Record set:
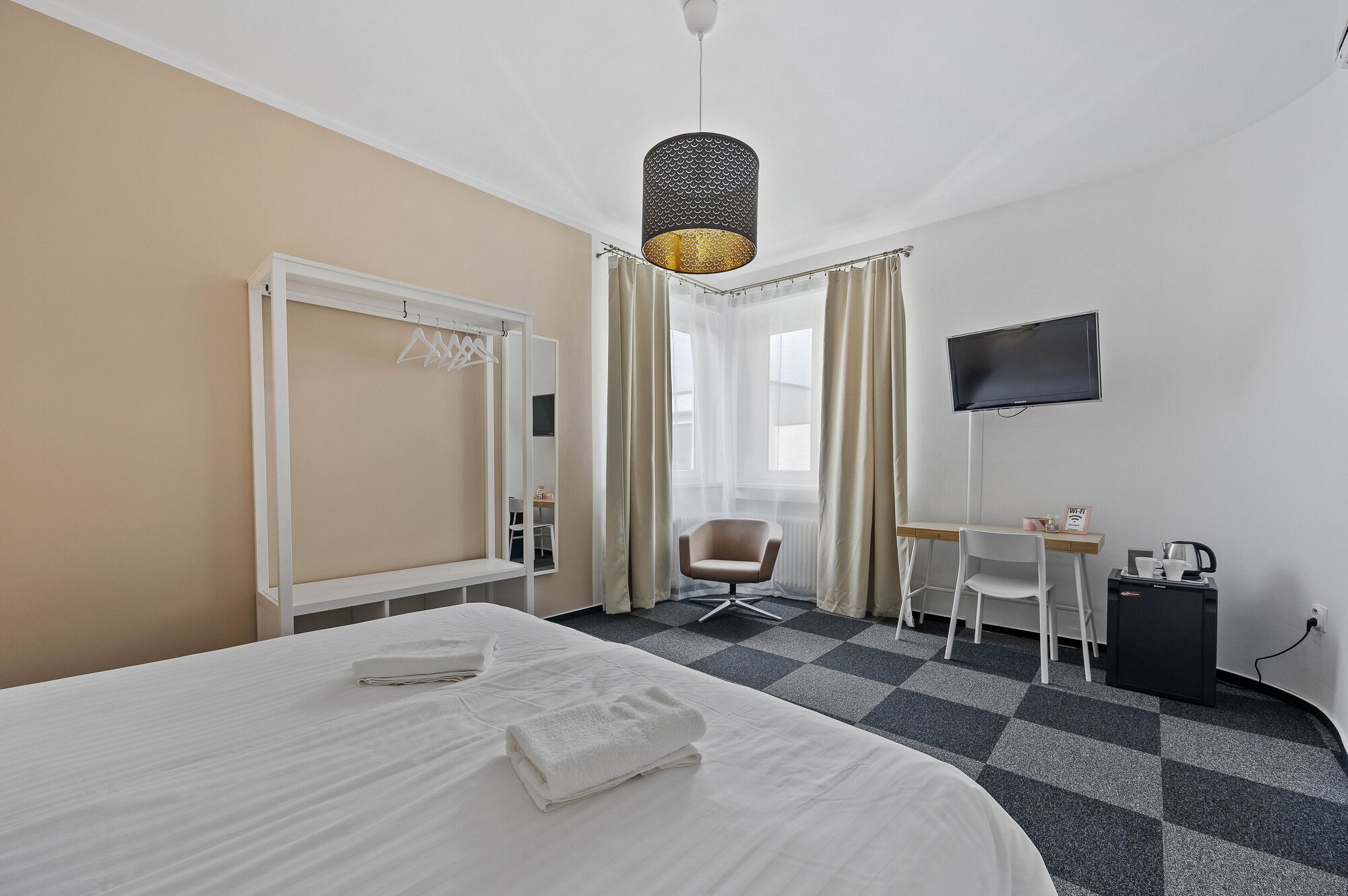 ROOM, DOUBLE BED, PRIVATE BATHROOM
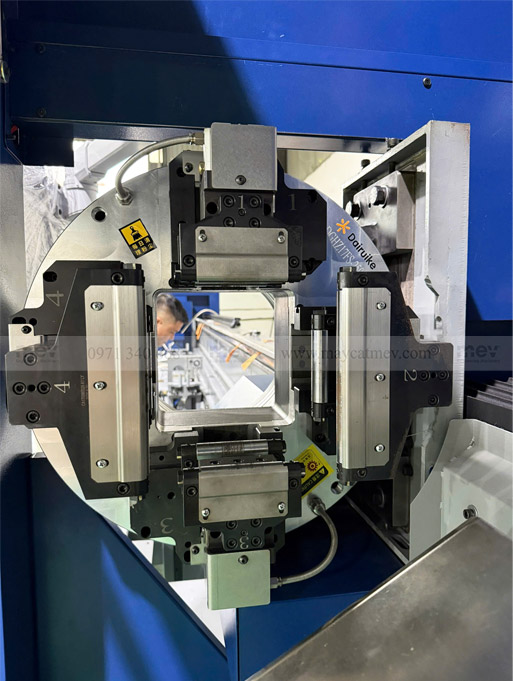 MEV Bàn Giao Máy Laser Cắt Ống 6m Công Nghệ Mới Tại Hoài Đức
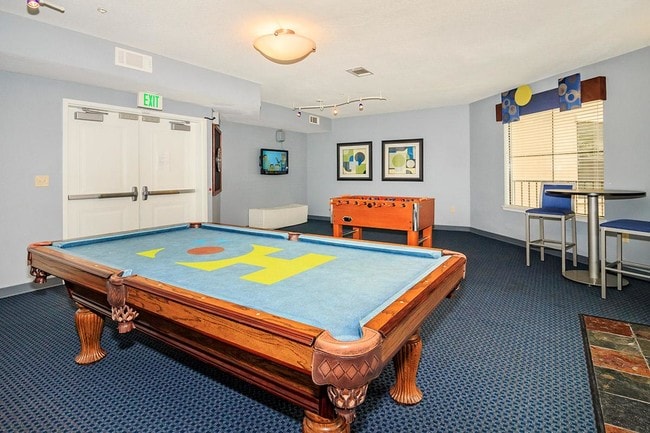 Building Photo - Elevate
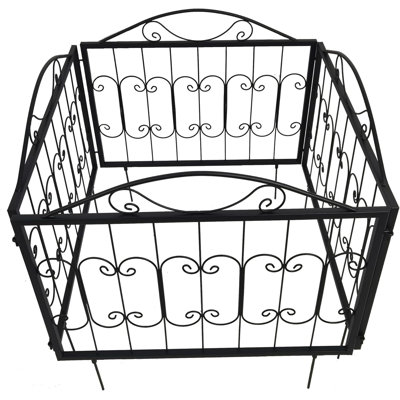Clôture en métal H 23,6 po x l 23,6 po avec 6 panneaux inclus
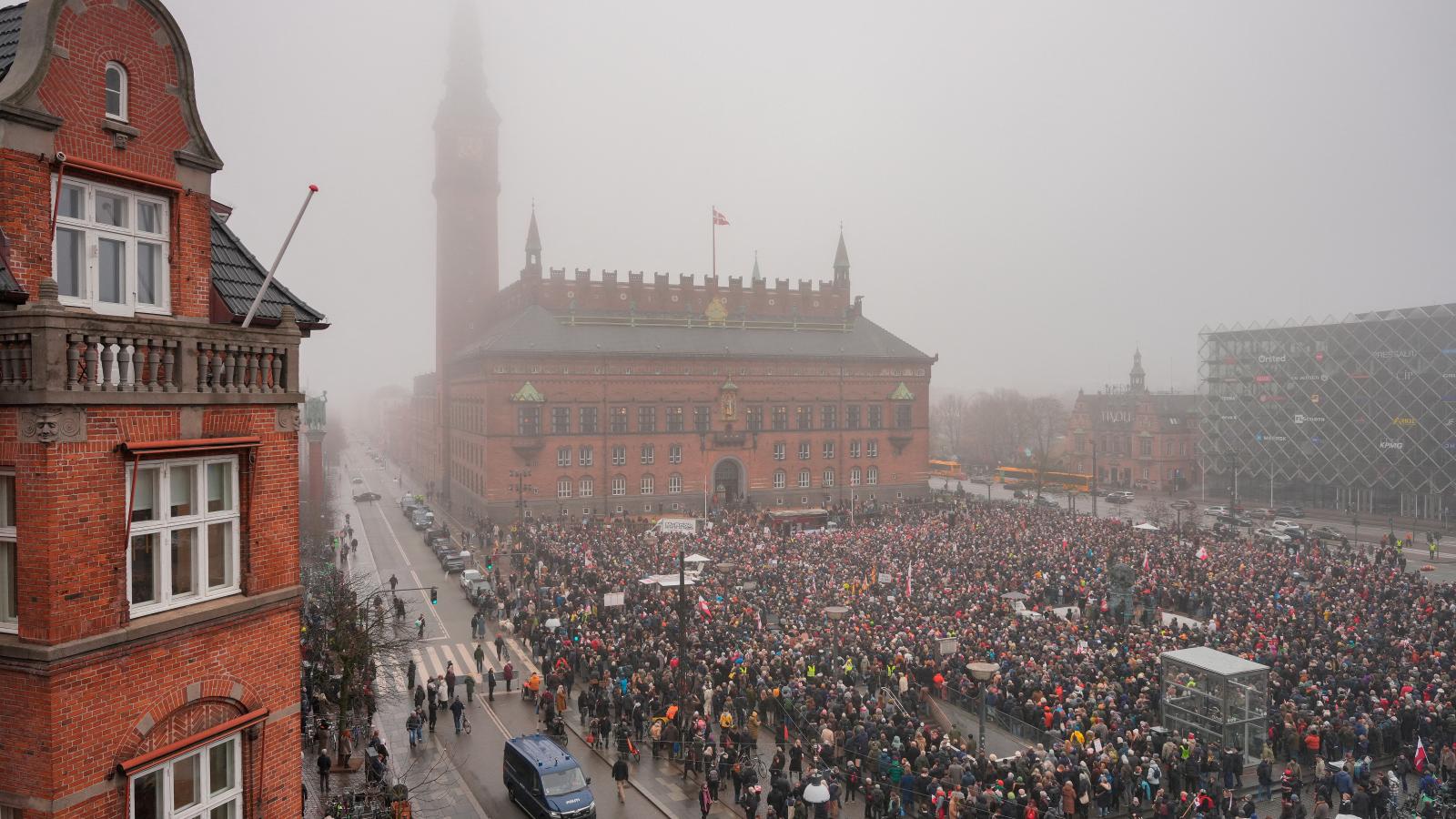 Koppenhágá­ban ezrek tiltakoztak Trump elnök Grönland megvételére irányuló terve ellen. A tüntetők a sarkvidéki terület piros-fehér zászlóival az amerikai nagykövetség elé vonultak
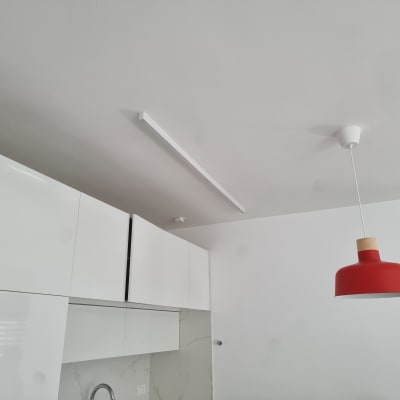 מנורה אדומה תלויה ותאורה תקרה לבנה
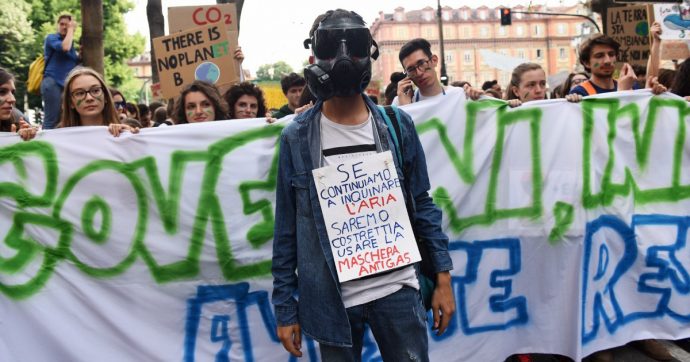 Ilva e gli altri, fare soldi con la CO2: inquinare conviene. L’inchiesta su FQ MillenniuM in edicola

==

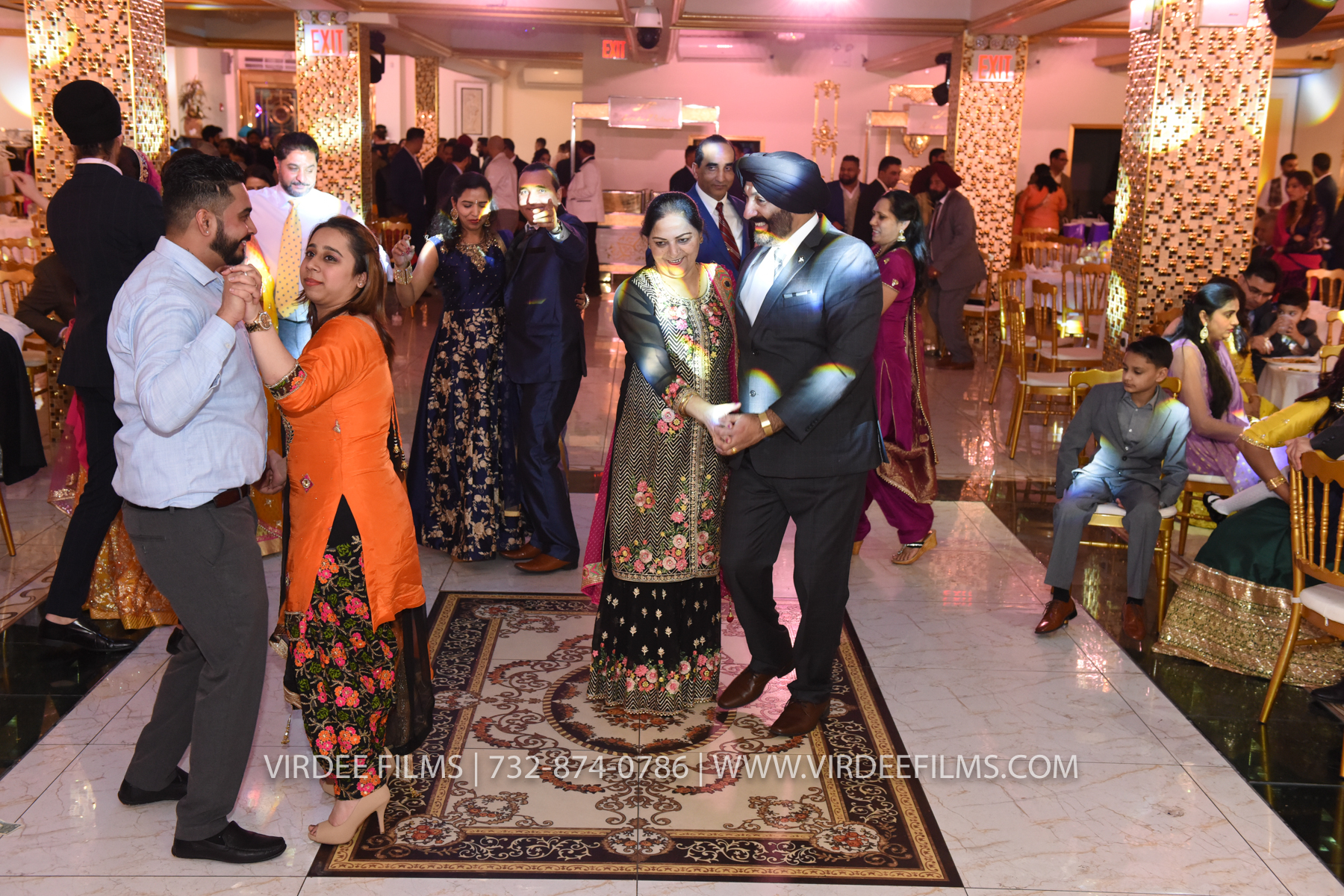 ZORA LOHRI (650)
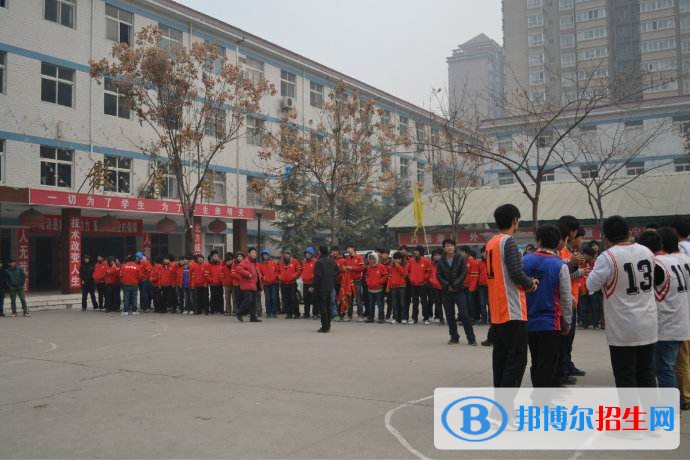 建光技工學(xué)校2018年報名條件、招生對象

Task prompt:
Working from the data above, repeat exactly, and only, the lines that begin at the line containing "MEV Bàn Giao" and stop after the line containing "Ilva e gli altri, fare"; pictures are not copied.

Written answer:
 MEV Bàn Giao Máy Laser Cắt Ống 6m Công Nghệ Mới Tại Hoài Đức
 Building Photo - Elevate
Clôture en métal H 23,6 po x l 23,6 po avec 6 panneaux inclus
 Koppenhágá­ban ezrek tiltakoztak Trump elnök Grönland megvételére irányuló terve ellen. A tüntetők a sarkvidéki terület piros-fehér zászlóival az amerikai nagykövetség elé vonultak
 מנורה אדומה תלויה ותאורה תקרה לבנה
 Ilva e gli altri, fare soldi con la CO2: inquinare conviene. L’inchiesta su FQ MillenniuM in edicola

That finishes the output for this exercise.